Elsewhere, the inspectorate found most of the senior commanders said they had not had incident training “for several years”, while there is no systematic training programme for firefighters tasked with responding to terror attacks in the capital – with many frontline officers saying they do not have suitable personal protective equipment and “lack the confidence” to respond.
The report found that LFB had not done enough to “reduce the burden of false alarms”, in that it was only managing to weed out 3.7% of automatic fire alarm requests for assistance – much lower than the average of 30% across England.
Fire Brigades Union general secretary Matt Wrack said the report will be “deeply concerning for the Grenfell community and all of London”.
He said: “Grenfell must be a turning point for UK fire safety – anything less is completely unacceptable.”
LFB was one of three services across England to require improvement in three key areas, according to the HMICFRS.
The latest investigation, which analyses performance across one third of the country’s 45 fire services at a time, also found that Essex and Gloucestershire were under-performing in terms of the effectiveness and efficiency of their service, as well as how they treat their people.
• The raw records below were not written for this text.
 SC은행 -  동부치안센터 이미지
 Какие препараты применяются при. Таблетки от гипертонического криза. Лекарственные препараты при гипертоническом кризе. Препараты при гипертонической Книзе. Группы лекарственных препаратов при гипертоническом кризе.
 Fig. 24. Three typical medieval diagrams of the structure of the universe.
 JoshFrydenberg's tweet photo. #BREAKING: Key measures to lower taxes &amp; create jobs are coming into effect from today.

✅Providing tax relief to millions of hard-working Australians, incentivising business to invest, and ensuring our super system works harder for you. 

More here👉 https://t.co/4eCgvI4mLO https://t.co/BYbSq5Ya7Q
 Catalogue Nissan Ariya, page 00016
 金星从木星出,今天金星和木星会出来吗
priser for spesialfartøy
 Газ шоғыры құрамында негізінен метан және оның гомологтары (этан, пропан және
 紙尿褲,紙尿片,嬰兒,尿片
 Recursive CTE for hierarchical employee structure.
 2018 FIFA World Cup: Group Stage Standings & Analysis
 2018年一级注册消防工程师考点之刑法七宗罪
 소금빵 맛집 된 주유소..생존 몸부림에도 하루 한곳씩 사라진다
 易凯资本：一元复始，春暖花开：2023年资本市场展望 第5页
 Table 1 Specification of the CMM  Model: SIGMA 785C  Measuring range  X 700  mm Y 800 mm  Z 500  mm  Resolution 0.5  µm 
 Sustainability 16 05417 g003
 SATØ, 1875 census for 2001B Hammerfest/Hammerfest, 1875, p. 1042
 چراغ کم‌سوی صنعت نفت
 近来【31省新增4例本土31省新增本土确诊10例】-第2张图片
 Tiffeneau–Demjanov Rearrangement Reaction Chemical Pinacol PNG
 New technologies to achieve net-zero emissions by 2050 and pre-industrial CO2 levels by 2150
Six of the 15 fire services were deemed “good” in all three areas: Cleveland, Derbyshire, Staffordshire, Suffolk, South Yorkshire and West Yorkshire.
The report did not make explicit reference to the brigade’s much-condemned “stay put” policy, when Grenfell residents were told to remain in their flats by firefighters and 999 operators for nearly two hours after the blaze broke out.
Matt Parr, HM Inspector of Fire and Rescue Services, said: “This is a disappointing report: there are too many areas where the London Fire Brigade needs to make improvements.”
He added: “Many of its projects are wasteful, projects get started and stalled.
“The organisation as a whole is slow to learn.
“We are absolutely not criticising every firefighter in London – there are lots of people who are very dedicated.
“But what it doesn’t leave you with is the impression that the organisation is well-run and where value for money is top of their agenda.”
Mr Parr described LFB response times – some six minutes and 39 seconds on average as of the year 2017-18 – as “excellent”, but said around 48% of its call-outs were false alarms.
He said: “The people driving those (fire engines) around – arguably unnecessarily – are years out of date for driving 15-tonne fire trucks. That speaks to me of a service which is woefully out of date.”
Dany Cotton, who will retire as London Fire Commissioner at the end of the month, had seen the report before she announced the decision to bring her resignation forward from April 2020, Mr Parr said.
Her replacement, Andy Roe, said: “I recognise that what’s been highlighted in the report isn’t good enough and, as the new Commissioner I am committed to making the necessary improvements when I take on the position in January.”
It comes as the London Assembly Fire, Resilience and Emergency Planning Committee votes on holding a confirmation hearing for Mr Roe to become new commissioner during a meeting at City Hall on Tuesday.